#### [ABOUT THIS EXERCISE]
Can you print the data exactly and leave out each image?

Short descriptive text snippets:
***

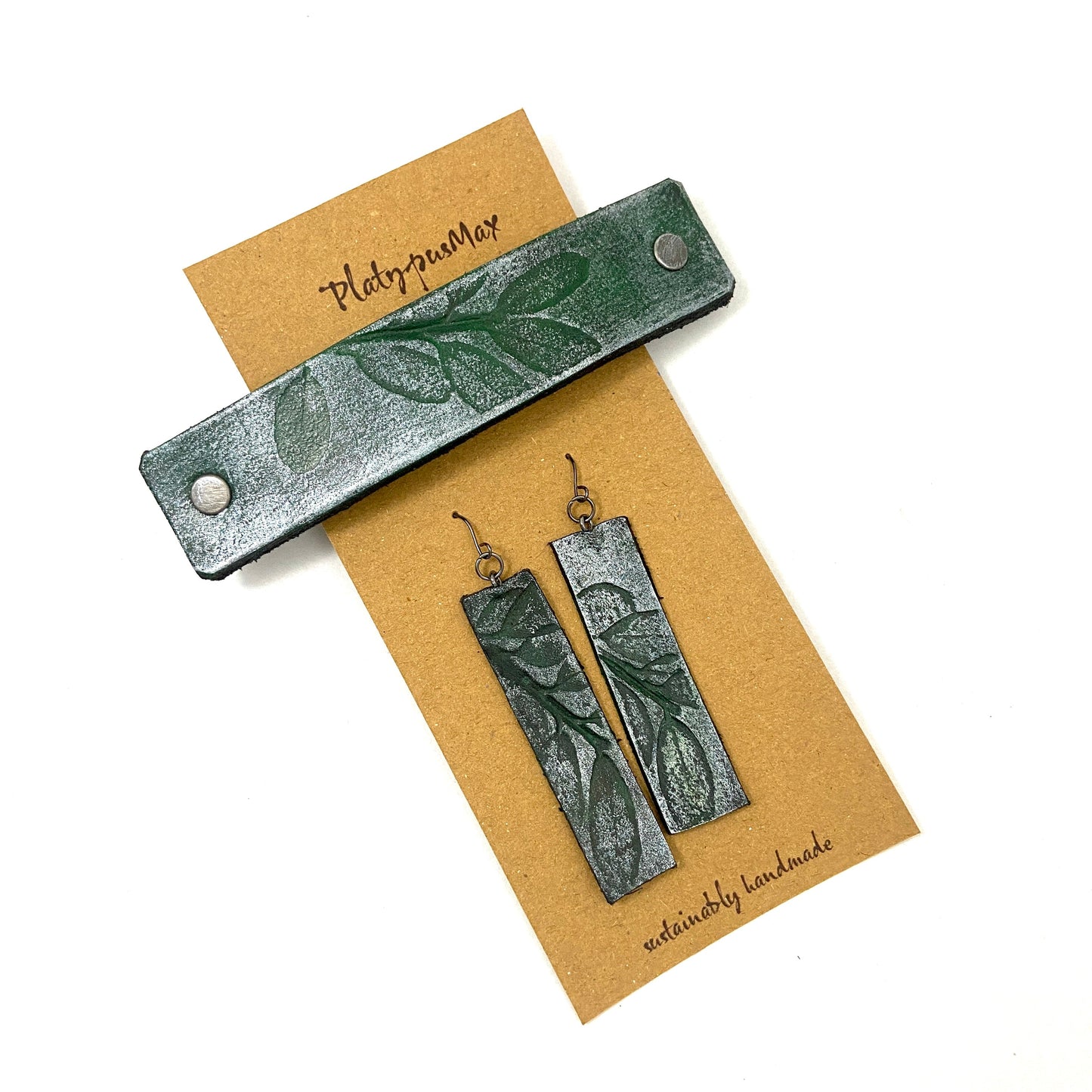 Green & Silver Embossed Leaves Barrette and Earring Gift Set-1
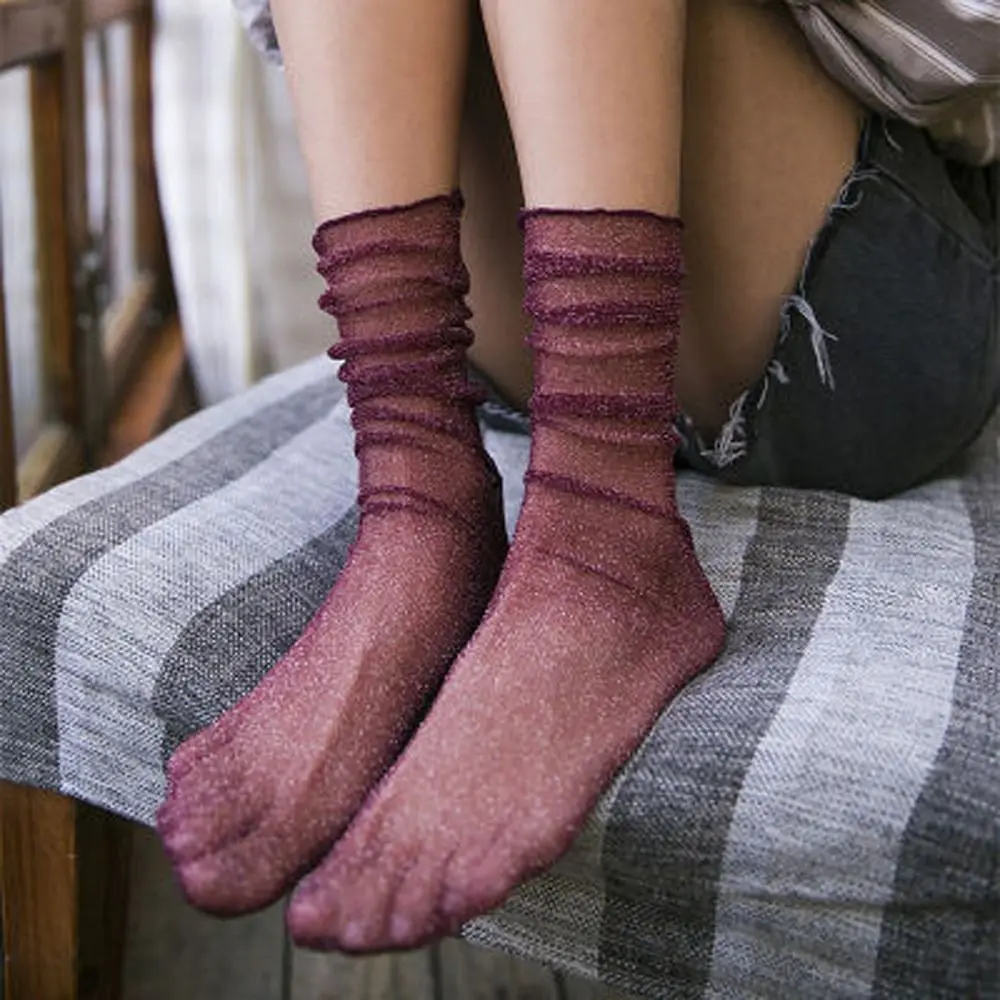 

Подарочные летние простые марлевые прозрачные модные блестящие шелковые чулочно-носочные изделия, носки в корейском стиле, женские тонкие носки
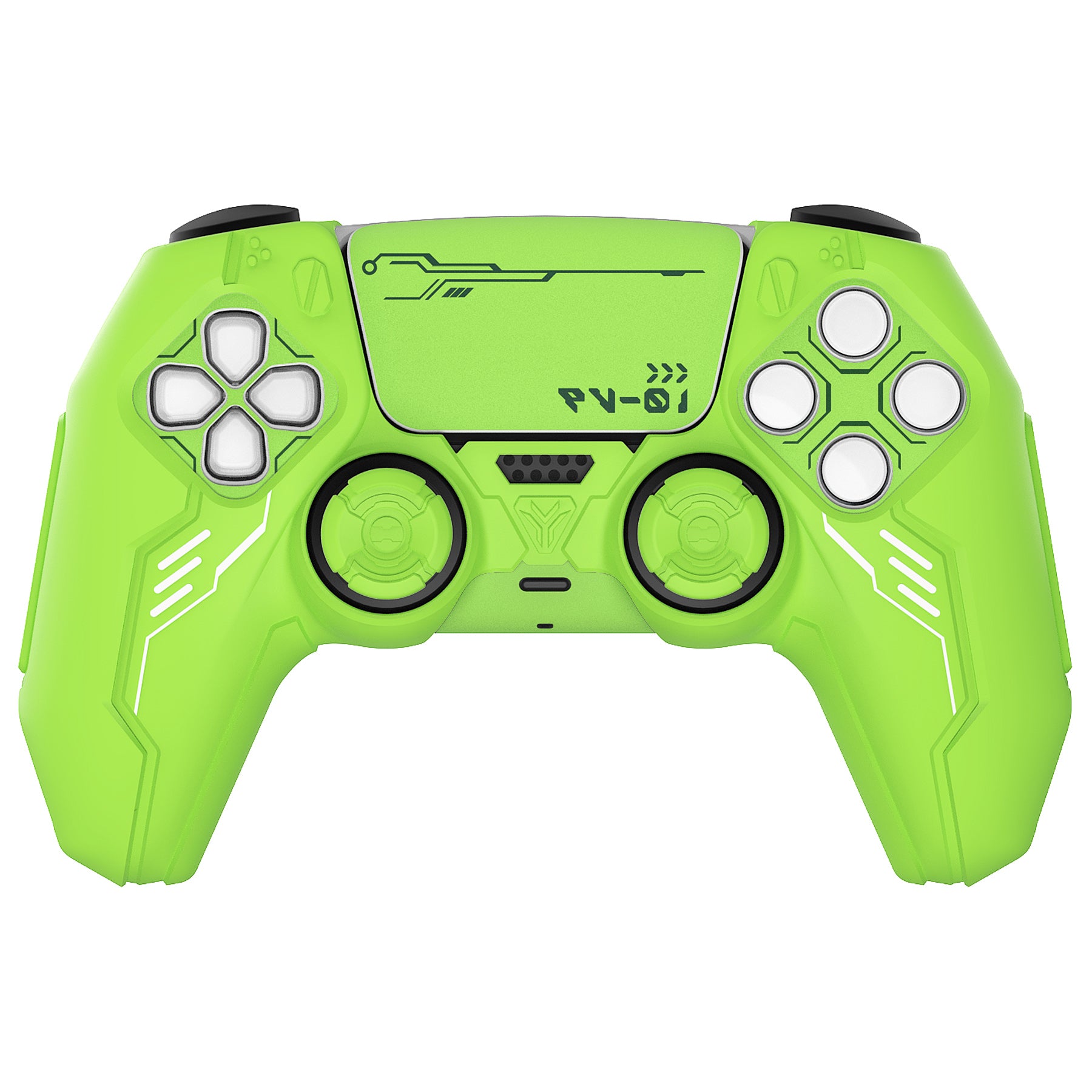 PlayVital Mecha Edition Anti-Slip Silicone Cover Skin with Matching Thumb Grips and Stickers for PS5 Wireless Controller - Compatible with Charging Station - Neon Green PlayVital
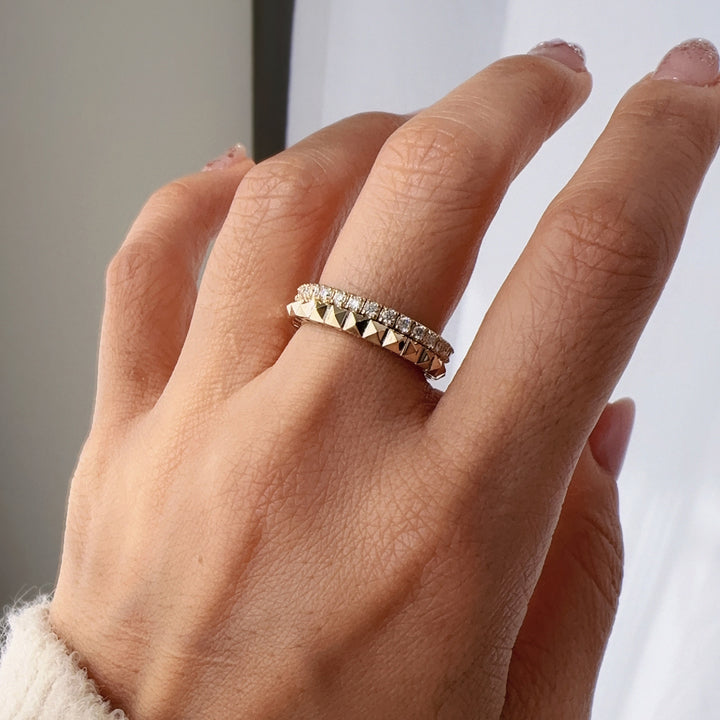 Spiral Double Band Ring with Pyramids & Diamonds 4.5mm – 14K Solid Gold Sculptural RIng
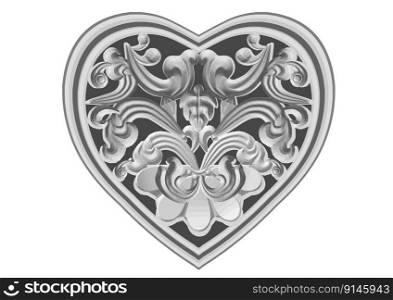 stone heart. abstract vector illustration isolated on white background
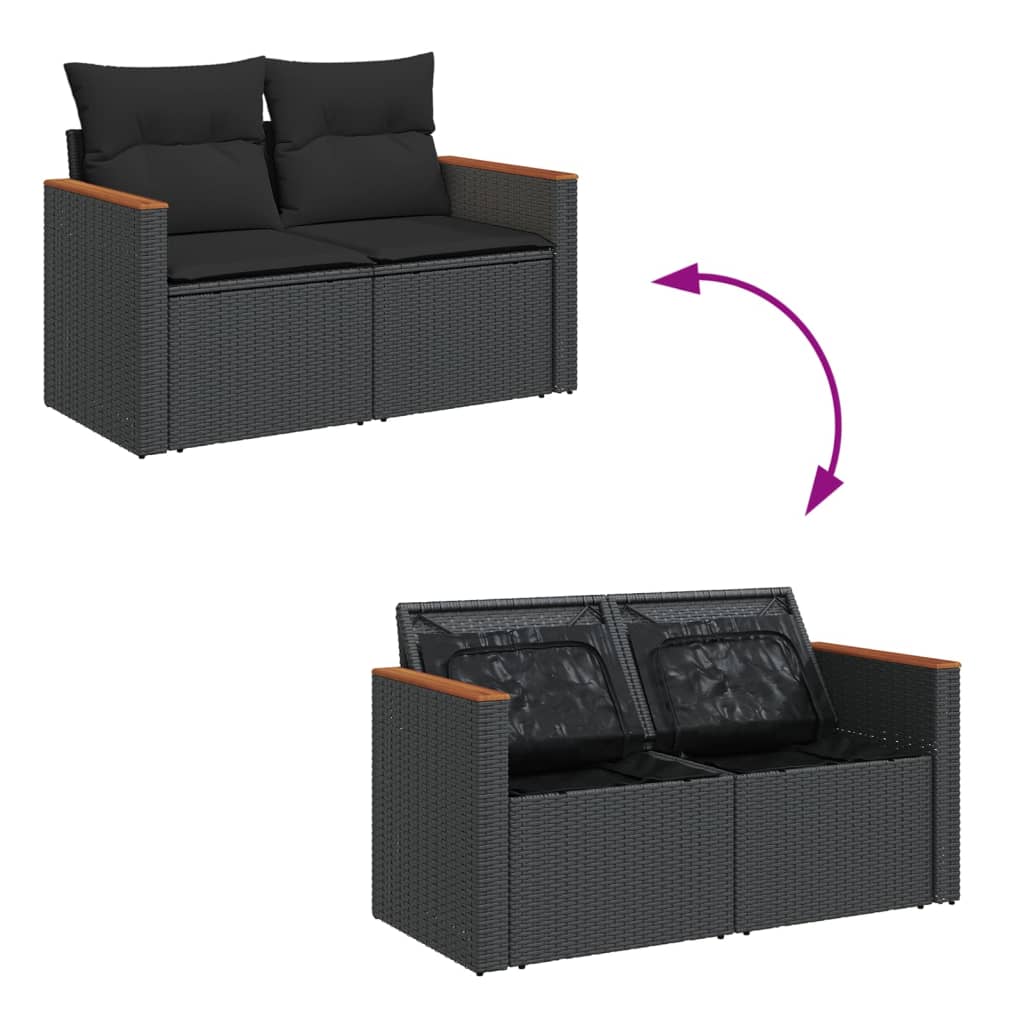 Tuinbank 2-zits met kussens poly rattan zwart is nu te koop bij PeponiXL, paradijselijk wonen!
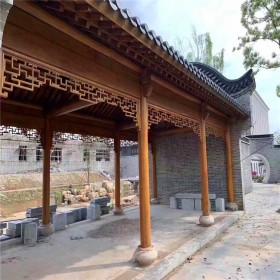 防腐木長廊古建走廊產(chǎn)品耐腐蝕 自吸水不易變形 圓林園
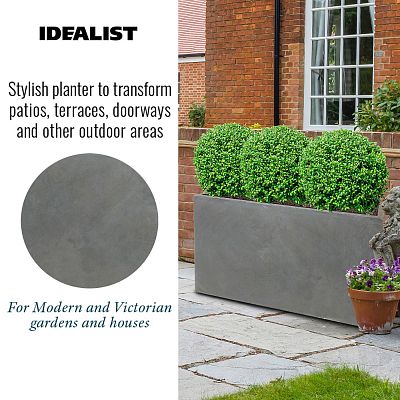 IDEALIST Lite Contemporary Light Concrete High Trough Planter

***

#### [ANSWER TO THIS EXERCISE]
 Green & Silver Embossed Leaves Barrette and Earring Gift Set-1

Подарочные летние простые марлевые прозрачные модные блестящие шелковые чулочно-носочные изделия, носки в корейском стиле, женские тонкие носки
 PlayVital Mecha Edition Anti-Slip Silicone Cover Skin with Matching Thumb Grips and Stickers for PS5 Wireless Controller - Compatible with Charging Station - Neon Green PlayVital
 Spiral Double Band Ring with Pyramids & Diamonds 4.5mm – 14K Solid Gold Sculptural RIng
 stone heart. abstract vector illustration isolated on white background
 Tuinbank 2-zits met kussens poly rattan zwart is nu te koop bij PeponiXL, paradijselijk wonen!
 防腐木長廊古建走廊產(chǎn)品耐腐蝕 自吸水不易變形 圓林園
 IDEALIST Lite Contemporary Light Concrete High Trough Planter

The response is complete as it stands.